(DATA SECTION begins)
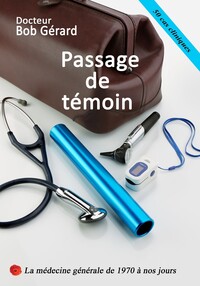 Image de Passage de témoin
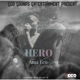 HERO Single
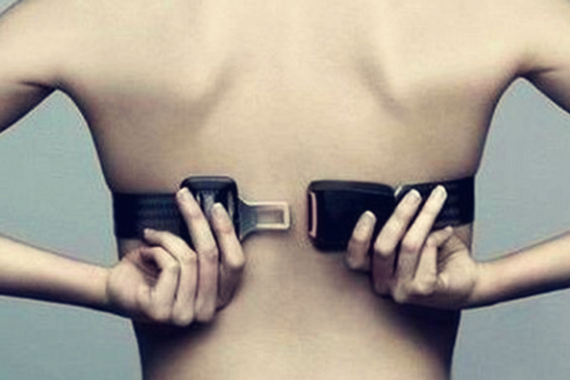 关键时刻，大家都开始讲安全了！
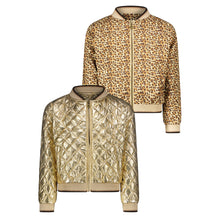 Charger l'image dans la galerie, Reversible Jacket Amber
(DATA SECTION ends)
ACTIVITY:
Starting with the line that contains "HERO Single", reproduce every line to the end of the material above, both end lines included, exactly and with no pictures.

SOLUTION:
 HERO Single
 关键时刻，大家都开始讲安全了！
 Charger l'image dans la galerie, Reversible Jacket Amber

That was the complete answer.